Le bras de fer judiciaire entre le parti Ensemble Pour le Gabon (EPG) et les autorités judiciaires se poursuit. Dans une décision rendue par la Cour d’appel de Libreville, la justice a confirmé l’incompétence du tribunal de première instance dans une affaire opposant cette formation politique à la Haute Autorité de la Communication (HAC), concernant la suspension de certains réseaux sociaux.
Cette suspension, décidée à la mi-février 2026 par la HAC pour des raisons liées au maintien de l’ordre public, avait suscité de vives critiques dans la classe politique et au sein de la société civile. Estimant qu’il s’agissait d’une mesure portant atteinte aux libertés fondamentales, EPG avait engagé une procédure judiciaire afin d’obtenir son annulation, une première tentative déjà rejetée en mars dernier.
Une décision judiciaire qui fait débat
La confirmation de la décision en appel a été accueillie avec fermeté par le parti dirigé par l’ancien Premier ministre Alain-Claude Bilie-By-Nze.

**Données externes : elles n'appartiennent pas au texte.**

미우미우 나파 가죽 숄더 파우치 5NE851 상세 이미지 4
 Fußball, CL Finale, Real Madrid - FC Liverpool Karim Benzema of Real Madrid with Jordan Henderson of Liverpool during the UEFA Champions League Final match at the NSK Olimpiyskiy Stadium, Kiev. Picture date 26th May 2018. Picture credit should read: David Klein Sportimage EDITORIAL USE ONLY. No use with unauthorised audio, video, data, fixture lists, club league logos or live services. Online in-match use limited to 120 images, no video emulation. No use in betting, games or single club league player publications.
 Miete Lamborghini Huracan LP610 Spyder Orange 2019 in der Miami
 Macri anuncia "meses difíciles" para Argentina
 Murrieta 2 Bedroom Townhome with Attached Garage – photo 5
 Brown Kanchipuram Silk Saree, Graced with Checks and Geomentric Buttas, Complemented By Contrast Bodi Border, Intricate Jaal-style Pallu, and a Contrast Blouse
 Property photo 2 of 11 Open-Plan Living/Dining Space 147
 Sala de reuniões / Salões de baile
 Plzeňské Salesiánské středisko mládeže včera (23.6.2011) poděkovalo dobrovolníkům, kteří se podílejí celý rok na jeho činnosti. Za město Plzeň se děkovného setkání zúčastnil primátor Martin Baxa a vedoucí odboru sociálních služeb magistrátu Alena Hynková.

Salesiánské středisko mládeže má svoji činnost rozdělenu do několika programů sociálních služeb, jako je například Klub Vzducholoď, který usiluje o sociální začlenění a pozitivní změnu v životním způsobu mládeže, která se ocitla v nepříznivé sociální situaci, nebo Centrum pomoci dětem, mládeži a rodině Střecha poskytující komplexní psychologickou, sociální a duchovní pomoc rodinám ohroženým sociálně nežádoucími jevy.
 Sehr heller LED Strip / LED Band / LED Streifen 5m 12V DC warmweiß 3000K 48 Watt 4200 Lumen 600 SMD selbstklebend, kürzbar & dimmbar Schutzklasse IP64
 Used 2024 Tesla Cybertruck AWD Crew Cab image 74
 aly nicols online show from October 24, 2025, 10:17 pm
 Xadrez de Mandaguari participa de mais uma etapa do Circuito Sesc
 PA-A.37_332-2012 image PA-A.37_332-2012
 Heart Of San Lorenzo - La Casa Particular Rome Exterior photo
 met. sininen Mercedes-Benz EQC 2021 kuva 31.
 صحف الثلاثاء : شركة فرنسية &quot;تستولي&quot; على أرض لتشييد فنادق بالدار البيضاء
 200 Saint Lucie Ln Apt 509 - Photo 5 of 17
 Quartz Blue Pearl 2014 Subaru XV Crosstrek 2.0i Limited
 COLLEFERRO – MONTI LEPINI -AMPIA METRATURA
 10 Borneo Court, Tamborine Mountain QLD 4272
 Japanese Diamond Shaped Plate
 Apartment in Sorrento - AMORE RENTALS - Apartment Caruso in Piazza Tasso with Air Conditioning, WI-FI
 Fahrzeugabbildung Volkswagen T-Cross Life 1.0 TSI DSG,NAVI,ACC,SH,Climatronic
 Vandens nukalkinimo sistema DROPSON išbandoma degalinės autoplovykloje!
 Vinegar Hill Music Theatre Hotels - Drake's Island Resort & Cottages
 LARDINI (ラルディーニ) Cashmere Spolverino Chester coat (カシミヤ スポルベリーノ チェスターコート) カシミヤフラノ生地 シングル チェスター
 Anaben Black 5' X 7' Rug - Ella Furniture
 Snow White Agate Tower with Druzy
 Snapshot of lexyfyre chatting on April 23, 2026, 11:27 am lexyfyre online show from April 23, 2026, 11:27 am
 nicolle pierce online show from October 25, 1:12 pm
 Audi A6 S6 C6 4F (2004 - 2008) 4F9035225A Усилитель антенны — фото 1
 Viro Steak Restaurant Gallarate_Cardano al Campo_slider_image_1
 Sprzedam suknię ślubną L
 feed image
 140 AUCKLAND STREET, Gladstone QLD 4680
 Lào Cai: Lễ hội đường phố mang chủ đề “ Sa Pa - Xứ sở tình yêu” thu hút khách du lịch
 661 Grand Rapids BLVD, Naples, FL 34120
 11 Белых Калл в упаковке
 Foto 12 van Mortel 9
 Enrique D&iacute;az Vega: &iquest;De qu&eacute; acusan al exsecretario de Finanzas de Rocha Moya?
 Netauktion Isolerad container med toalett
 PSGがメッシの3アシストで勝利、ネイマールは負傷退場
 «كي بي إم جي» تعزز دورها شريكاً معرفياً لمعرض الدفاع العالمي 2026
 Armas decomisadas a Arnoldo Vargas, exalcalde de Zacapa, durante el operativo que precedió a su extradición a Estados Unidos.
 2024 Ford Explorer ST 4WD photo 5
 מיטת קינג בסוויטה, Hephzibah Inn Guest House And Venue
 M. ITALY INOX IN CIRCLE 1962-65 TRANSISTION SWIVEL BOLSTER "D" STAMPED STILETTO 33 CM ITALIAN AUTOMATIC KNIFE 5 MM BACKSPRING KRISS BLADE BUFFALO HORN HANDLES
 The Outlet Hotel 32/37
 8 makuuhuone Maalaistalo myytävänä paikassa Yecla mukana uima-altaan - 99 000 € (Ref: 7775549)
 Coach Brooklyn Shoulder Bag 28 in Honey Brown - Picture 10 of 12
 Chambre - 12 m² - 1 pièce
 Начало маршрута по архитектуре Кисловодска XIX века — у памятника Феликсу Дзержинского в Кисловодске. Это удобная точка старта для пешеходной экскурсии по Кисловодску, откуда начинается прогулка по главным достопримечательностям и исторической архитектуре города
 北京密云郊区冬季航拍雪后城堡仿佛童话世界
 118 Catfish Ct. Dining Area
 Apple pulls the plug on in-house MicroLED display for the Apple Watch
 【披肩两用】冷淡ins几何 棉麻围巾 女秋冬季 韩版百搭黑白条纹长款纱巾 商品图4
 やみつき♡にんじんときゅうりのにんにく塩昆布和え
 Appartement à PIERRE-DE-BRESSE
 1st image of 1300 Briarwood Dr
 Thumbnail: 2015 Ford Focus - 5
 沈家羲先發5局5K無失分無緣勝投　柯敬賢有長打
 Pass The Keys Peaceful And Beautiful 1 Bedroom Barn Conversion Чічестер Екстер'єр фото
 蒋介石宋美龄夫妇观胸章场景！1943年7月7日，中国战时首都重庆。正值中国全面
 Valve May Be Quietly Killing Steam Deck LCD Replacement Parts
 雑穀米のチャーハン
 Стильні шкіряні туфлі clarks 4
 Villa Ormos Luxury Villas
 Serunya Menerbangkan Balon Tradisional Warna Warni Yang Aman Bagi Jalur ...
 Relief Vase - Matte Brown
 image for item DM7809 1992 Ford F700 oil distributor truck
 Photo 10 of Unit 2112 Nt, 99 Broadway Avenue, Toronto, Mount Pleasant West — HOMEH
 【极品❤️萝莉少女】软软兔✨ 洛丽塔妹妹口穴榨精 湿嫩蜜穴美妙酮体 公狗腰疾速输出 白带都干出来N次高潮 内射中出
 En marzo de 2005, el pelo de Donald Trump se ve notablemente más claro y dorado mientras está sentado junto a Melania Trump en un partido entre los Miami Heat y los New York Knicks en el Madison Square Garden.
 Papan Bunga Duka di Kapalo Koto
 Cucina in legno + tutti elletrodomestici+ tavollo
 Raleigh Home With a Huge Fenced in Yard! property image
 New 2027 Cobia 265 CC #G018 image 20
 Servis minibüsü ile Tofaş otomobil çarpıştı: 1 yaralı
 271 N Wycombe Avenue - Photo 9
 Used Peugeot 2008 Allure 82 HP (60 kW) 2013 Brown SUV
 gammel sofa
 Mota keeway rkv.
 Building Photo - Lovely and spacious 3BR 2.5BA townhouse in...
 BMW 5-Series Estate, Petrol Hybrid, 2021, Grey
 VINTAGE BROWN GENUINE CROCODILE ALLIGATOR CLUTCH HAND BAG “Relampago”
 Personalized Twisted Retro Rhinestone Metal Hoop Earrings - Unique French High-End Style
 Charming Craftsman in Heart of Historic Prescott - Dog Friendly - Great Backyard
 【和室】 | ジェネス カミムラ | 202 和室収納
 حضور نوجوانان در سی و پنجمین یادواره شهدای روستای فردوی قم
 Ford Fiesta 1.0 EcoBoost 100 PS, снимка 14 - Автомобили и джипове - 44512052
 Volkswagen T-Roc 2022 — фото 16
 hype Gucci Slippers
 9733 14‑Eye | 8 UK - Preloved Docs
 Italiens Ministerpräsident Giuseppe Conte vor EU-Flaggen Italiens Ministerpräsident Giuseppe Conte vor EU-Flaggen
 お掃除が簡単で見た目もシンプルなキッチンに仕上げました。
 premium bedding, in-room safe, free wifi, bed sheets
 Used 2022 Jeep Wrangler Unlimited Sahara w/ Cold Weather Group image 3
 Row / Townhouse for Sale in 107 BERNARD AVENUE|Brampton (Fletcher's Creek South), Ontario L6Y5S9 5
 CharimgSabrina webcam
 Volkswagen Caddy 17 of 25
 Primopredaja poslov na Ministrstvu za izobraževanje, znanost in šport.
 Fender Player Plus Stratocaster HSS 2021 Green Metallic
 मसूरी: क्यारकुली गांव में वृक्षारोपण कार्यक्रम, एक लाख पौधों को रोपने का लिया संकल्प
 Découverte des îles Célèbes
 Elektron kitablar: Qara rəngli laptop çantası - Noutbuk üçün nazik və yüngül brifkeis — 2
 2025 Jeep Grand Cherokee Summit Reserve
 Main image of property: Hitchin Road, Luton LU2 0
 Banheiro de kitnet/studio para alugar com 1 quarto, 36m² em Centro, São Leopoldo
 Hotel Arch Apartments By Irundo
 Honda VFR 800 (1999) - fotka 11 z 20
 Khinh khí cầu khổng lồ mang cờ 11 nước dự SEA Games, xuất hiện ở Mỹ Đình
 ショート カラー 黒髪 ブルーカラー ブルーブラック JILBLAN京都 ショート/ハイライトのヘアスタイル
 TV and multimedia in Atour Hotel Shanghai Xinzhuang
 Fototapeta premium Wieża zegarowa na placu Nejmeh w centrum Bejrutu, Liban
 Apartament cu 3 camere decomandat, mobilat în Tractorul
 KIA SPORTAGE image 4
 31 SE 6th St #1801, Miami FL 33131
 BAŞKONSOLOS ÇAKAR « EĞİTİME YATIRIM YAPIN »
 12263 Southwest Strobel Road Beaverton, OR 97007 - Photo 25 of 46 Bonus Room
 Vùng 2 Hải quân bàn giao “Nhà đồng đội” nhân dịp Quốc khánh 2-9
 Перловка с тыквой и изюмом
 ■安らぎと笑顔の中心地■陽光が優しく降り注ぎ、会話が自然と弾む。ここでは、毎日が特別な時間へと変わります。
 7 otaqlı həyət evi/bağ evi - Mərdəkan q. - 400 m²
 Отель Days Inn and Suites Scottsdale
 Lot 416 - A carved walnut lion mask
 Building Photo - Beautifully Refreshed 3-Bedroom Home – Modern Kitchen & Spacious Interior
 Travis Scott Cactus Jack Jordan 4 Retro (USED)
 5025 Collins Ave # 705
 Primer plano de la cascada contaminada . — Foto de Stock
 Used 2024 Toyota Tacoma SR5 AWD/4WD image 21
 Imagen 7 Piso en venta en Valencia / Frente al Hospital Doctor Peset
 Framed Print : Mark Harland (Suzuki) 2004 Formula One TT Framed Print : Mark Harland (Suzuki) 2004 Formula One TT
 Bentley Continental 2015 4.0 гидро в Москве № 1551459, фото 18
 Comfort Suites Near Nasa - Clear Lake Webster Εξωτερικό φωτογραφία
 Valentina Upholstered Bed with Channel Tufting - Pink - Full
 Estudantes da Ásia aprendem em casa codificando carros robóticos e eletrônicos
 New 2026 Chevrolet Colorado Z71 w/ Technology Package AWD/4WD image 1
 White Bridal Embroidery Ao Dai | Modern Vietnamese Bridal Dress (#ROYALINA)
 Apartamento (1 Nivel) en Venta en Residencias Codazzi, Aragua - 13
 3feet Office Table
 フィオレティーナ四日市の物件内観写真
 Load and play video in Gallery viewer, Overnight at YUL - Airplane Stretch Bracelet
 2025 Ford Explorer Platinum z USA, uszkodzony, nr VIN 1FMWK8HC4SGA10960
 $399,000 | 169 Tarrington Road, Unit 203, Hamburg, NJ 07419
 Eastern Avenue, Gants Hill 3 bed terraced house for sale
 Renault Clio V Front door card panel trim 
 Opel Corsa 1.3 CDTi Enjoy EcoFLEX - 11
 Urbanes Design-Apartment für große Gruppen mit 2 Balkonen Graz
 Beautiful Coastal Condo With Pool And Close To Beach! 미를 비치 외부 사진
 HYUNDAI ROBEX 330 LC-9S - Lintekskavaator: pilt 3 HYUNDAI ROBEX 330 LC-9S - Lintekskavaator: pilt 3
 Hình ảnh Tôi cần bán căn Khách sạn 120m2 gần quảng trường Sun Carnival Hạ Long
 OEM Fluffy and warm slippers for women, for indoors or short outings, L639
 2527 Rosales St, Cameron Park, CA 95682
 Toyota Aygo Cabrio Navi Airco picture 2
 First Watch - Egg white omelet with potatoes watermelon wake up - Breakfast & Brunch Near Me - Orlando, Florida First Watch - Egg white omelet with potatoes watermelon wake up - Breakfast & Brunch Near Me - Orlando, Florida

Dans une déclaration rendue publique le 20 mai, EPG dit « prendre acte » du jugement, tout en exprimant une profonde désapprobation quant à ses implications institutionnelles.
Pour le parti, cette décision dépasse le simple cadre juridique et pose une question plus large sur l’équilibre des pouvoirs au sein de l’État gabonais. Selon ses responsables, le fait qu’une autorité administrative puisse restreindre l’accès à des espaces numériques sans contrôle effectif du juge judiciaire constitue un précédent préoccupant.
Un débat autour des libertés et de l’État de droit
Au-delà du contentieux spécifique, EPG estime que cette affaire révèle une évolution inquiétante du fonctionnement institutionnel. Le parti critique une justice qui, selon lui, tendrait à s’éloigner de son rôle de contre-pouvoir et à manquer d’indépendance face à l’exécutif.
Dans son communiqué, la formation politique insiste sur un principe qu’elle juge non négociable, la liberté d’expression ne peut être considérée comme une autorisation administrative, mais comme un droit fondamental garanti par la Constitution et les engagements internationaux du pays.
Une bataille appelée à se poursuivre
Face à cette décision, Ensemble Pour le Gabon a annoncé son intention de se pourvoir en cassation afin de poursuivre la procédure devant les juridictions compétentes. Le parti affirme vouloir continuer à défendre ce qu’il considère comme les fondements de l’État de droit, notamment la séparation des pouvoirs et l’indépendance de la justice.
Dans un ton particulièrement critique, EPG met en garde contre toute dérive institutionnelle susceptible, selon lui, de fragiliser les acquis démocratiques. La formation politique assure qu’elle ne renoncera pas à son combat, qu’elle présente comme une défense des libertés publiques et des droits des citoyens.